Постепенно под влиянием все разгоравшейся страсти Альфонсо пришел к мысли, что для соперников, так жестоко оскорбивших его, самой горькой чашей был бы его успех у Лукреции. Мало-помалу эти рассуждения перешли в действия, Альфонсо стал с меньшей горячностью опровергать доказательства, приводимые членами академии любви, и Лукреция вскоре заметила общую перемену в его обращении с ней. Но она сама относилась и нему так, словно пламенные взоры, выдававшие пыл и нечестивый пламень его сердца, лишь еще более отталкивали и оскорбляли ее. Однако эта целомудренная холодность Лукреции и то гордое презрение, с которым она смотрела на него, только усиливали безумие желаний рыцаря, несмотря на всю их безнадежность. Члены академии, заметив смягчение прежних строгих правил Альфонсо, безжалостно подтрунивали над ним, но он нисколько не обижался на это, не скрывал того, что поддался убеждениям своих новых товарищей, и, хватаясь в своем отчаянии за каждую соломинку, напал на мысль, что, заявив о своем обращении, он может воспользоваться случаем для любовного признания, пыл которого, пожалуй, вновь зажжет в сердце Лукреции былое чувство к нему.
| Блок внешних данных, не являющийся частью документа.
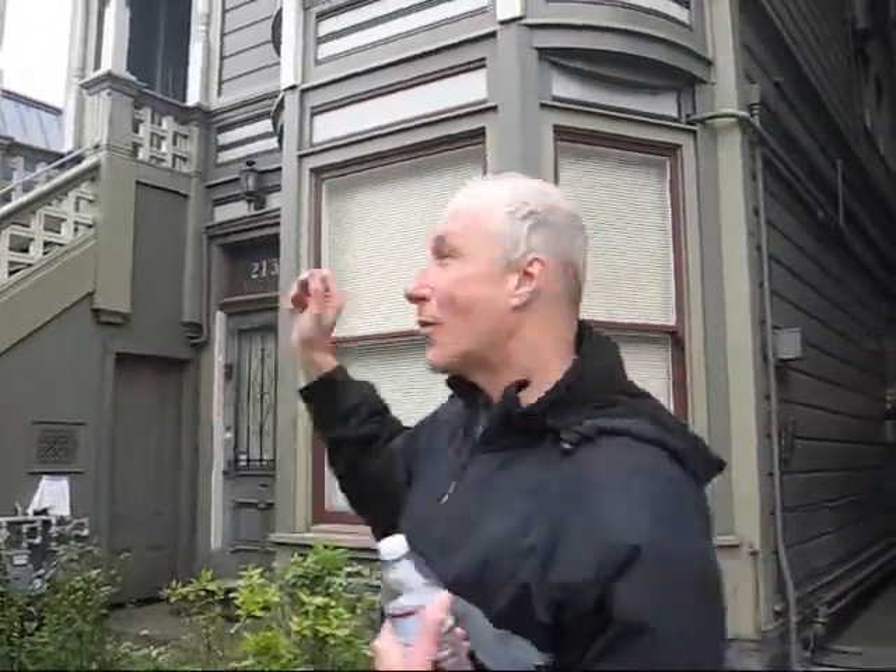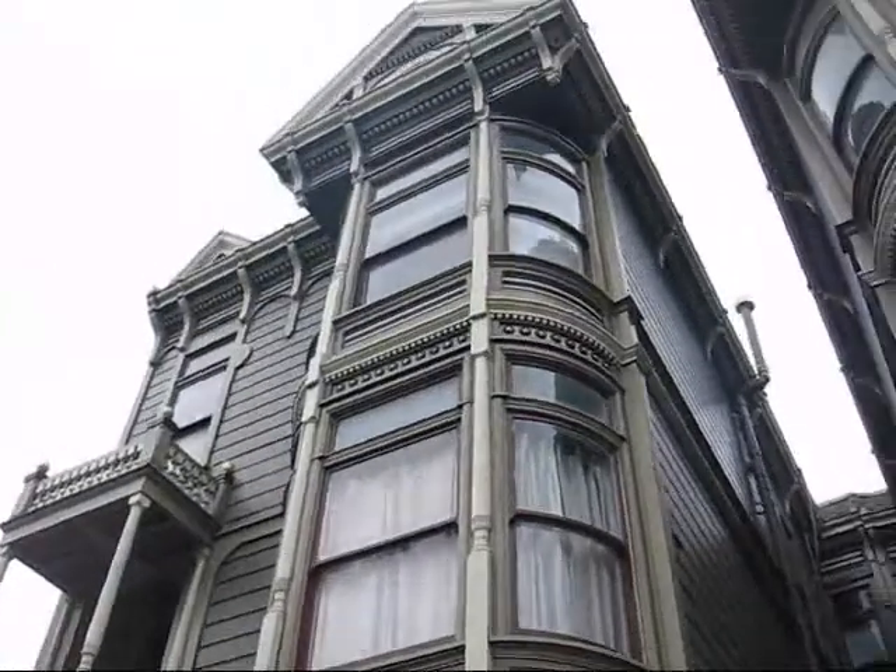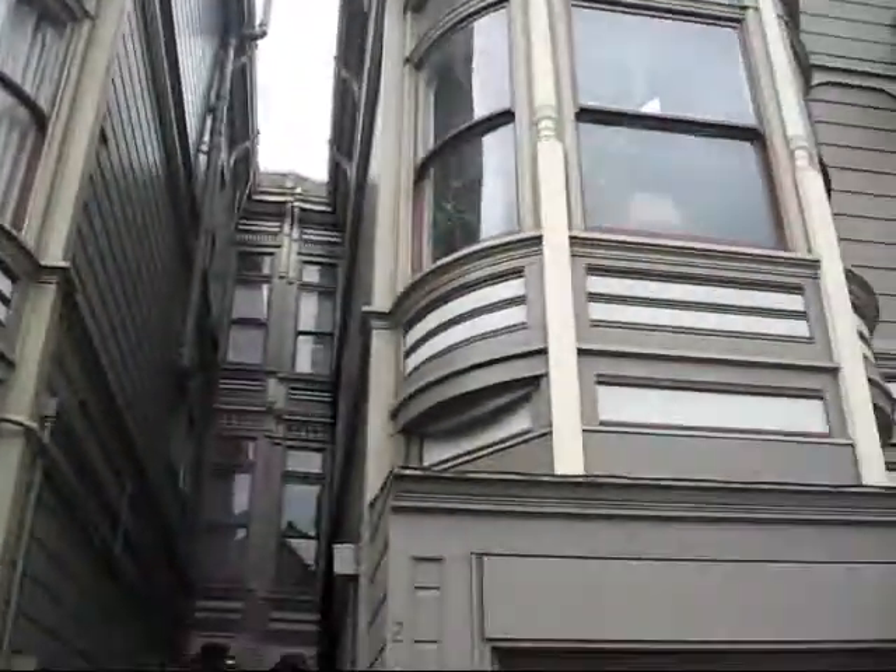With asbestos shingles, but in this case, when they took off the shingles, all the original was underneath. Once in a while you hit the jackpot like this guy — he didn't have to buy any detail. It was already there, but that's rare.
Он не составлял себе определенного плана, не ставил определенно цели, но, наконец, измученный равнодушием Лукреции, попросил Фаустину доложить своей повелительнице, что он считает себя совсем обращенным, но желает лишь краткого разговора наедине для разъяснения еще некоторых сомнений, прежде чем заявит перед собранием о своем отречении от прежнего заблуждения.
Трудно представить себе тот восторг, который испытал Альфонсо, когда Фаустина принесла ему ответ, что Лукреция пойдет на другой день под вечер в сады Эгерии и даст ему там аудиенцию перед открытием заседания академии, которая должна собраться в этом месте по ее распоряжению.
Почти впервые со дня своего прибытия рыцарь снял с себя свою обычную неуклюжую одежду и надел костюм из черного бархата, с роскошной отделкой из драгоценных кружев и золотого шитья, а к плечу прикрепил шелковый шарф белого цвета, избранного Лукрецией. Затем он тайком оставил Ватиканский дворец и вступил в долину Эгерии, обуреваемый страстями и воспоминаниями, которые отнимали у него не только всякую силу, но всякое желание сопротивляться.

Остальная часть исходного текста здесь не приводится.